Description of the task » In the data below, find the line containing "适用vivoy300pro+手机壳透明防摔y300硅胶自带镜头膜女款红色碎花" and the line containing "Robe Wano Country ...", then reproduce them and every line between, exactly. Omit pictures.

Data extract »
*** Begin section ***

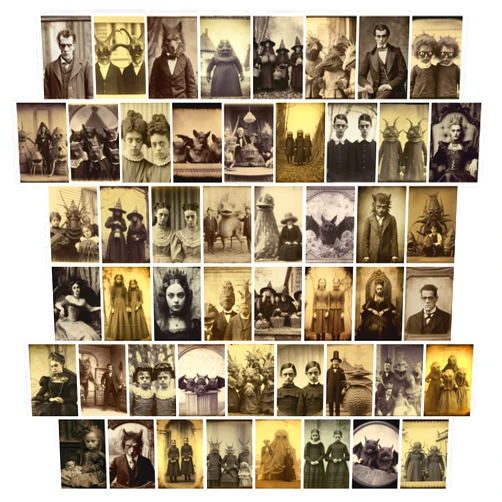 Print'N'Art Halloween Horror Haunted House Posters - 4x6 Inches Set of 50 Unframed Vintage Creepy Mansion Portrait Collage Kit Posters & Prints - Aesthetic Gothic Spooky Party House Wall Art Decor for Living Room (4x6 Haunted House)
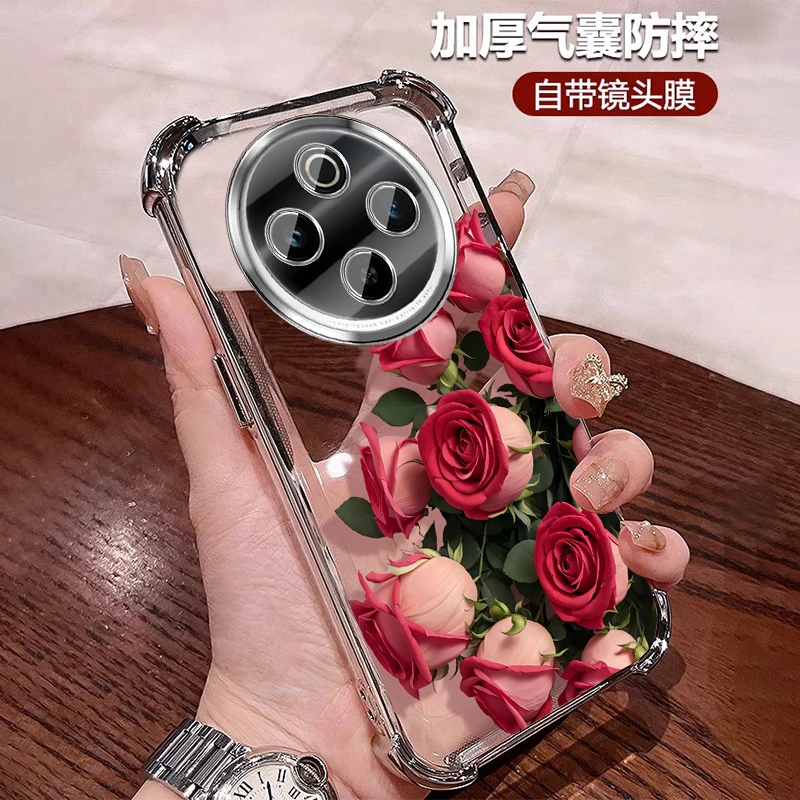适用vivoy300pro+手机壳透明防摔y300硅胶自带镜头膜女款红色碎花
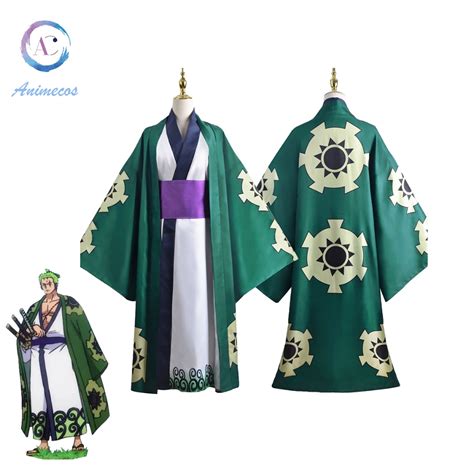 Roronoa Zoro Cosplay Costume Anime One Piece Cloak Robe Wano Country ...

*** End section ***
*** Begin section ***

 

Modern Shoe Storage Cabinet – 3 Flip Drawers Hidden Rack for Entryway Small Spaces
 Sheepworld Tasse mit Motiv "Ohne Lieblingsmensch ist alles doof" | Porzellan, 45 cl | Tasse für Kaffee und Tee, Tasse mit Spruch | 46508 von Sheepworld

*** End section ***

Answer section »
适用vivoy300pro+手机壳透明防摔y300硅胶自带镜头膜女款红色碎花
 Roronoa Zoro Cosplay Costume Anime One Piece Cloak Robe Wano Country ...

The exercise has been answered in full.